Book Bits | 5 August 2017

The Best Investment Writing: Selected Writing From Leading investors and Authors
Edited by Meb Faber
Summary via publisher (Harriman House)
Are you looking for some ideas to help you improve your portfolio? Let the brightest, most insightful minds in investing help. The Best Investment Writing contains 32 hand-selected articles. These are the best pieces from some of the most respected money managers and investment researchers in the world. The Best Investment Writing reads like a masters course in investing.

Econometrics As a Con Art: Exposing the Limitations and Abuses of Econometrics
By Imad A. Moosa
Summary via publisher (Edward Elgar)
Imad Moosa challenges convention with this comprehensive and compelling critique of econometrics, condemning the common practices of misapplied statistical methods in both economics and finance. After reviewing the Keynesian, Austrian and mainstream criticisms of econometrics, it is demonstrated that econometric models can be manipulated to produce any desired result. These hazardous analyses may then be relied upon to support flawed policy recommendations, ideological beliefs and private interests. Moosa proposes that the way forward should instead be to rely on clear thinking, intuition and common sense rather than to continue with the reliance upon econometrics. Appealing to both academics and practitioners of economics and finance, this book serves to challenge the acceptance of econometrics as offering trustworthy analysis.

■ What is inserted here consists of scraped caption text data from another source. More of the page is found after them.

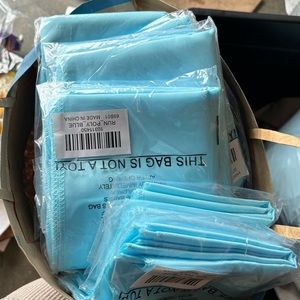 Light blue polyester table runners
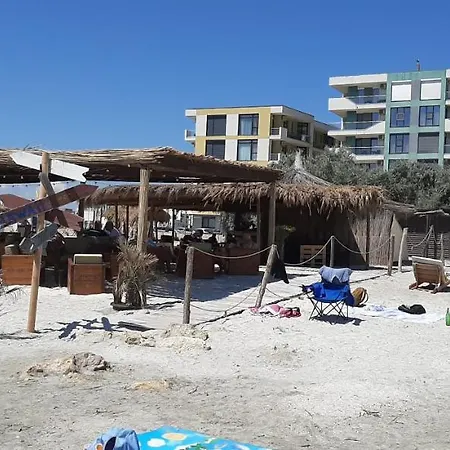 Studio Papaya Beach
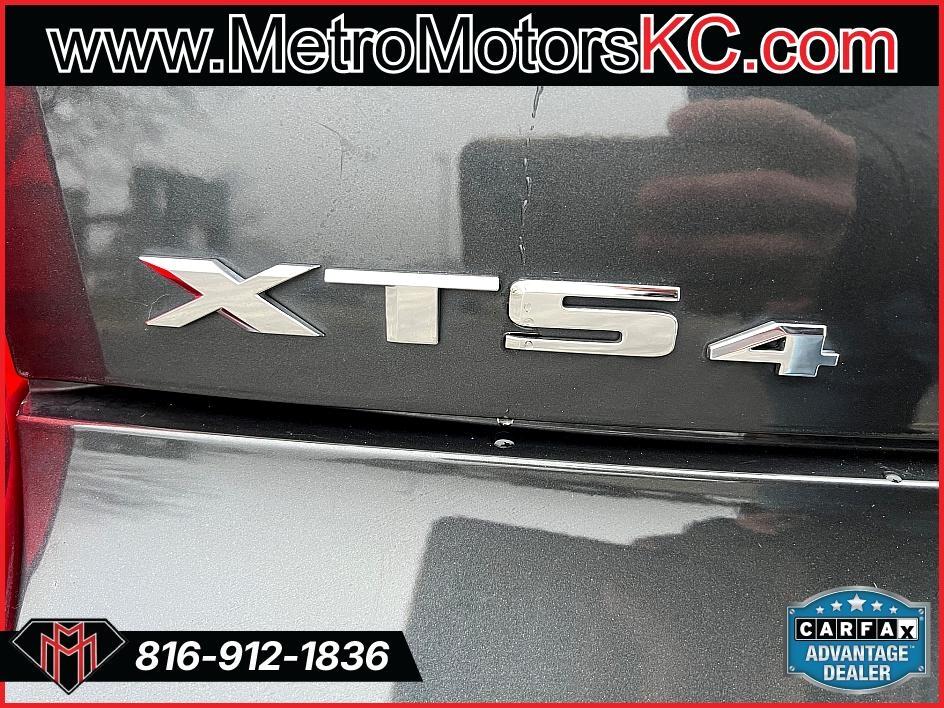 Cadillac XTS 4dr Sdn Luxury AWD 2015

The Sum of Small Things: A Theory of the Aspirational Class
By Elizabeth Currid-Halkett
Review via The Economist
Conspicuous consumption persists today. But just as the patricians of classical times changed their habits once the masses gained the ability to copy them, so too have modern American elites recoiled from accumulating mere goods now that globalisation has made them affordable to the middle class. Instead, argues Elizabeth Currid-Halkett, a professor at the University of Southern California, in “The Sum of Small Things”, they have begun consuming the fruits of “conspicuous production”:socially worthy things like fair-trade coffee. They also emphasise “inconspicuous consumption”, of services like education. Far from making the world more egalitarian, this shift, in particular, threatens to entrench modern elites’ privileged position more effectively than the habits of their predecessors ever did.

The Living Wage
By Donald Hirsch and Laura Valadez-Martinez
Summary via publisher (Agenda)
The “living wage” is an old idea that has experienced a dramatic resurgence of political popularity in recent years. The underlying logic of the concept is quite clear: it is a wage that provides workers with enough income to live on at some level considered adequate. However, in practice the term has become blurred with that of the “minimum wage” and in its implementation it has lacked a consistent meaning despite being widely used as a campaigning slogan. This short primer traces the origins of the concept of the living wage and seeks to explain the current rise in its fortunes as an economic instrument with a social objective. It examines its impact on labour markets and wage levels, explores how it has been applied, and assesses whether it is an effective measure for raising living standards.

Currency Kings: How Billionaire Traders Made their Fortune Trading Forex and How You Can Too
By Ben Robson
Summary via publisher (McGraw-Hill Education)
Currency Kings provides a proven four-part formula to help you navigate and profit in today’s Forex market. Ben Robson provides the knowledge and techniques you need to build a solid understanding of the market, all presented in an engaging narrative analyzing the techniques of the geniuses who have made billions in Forex.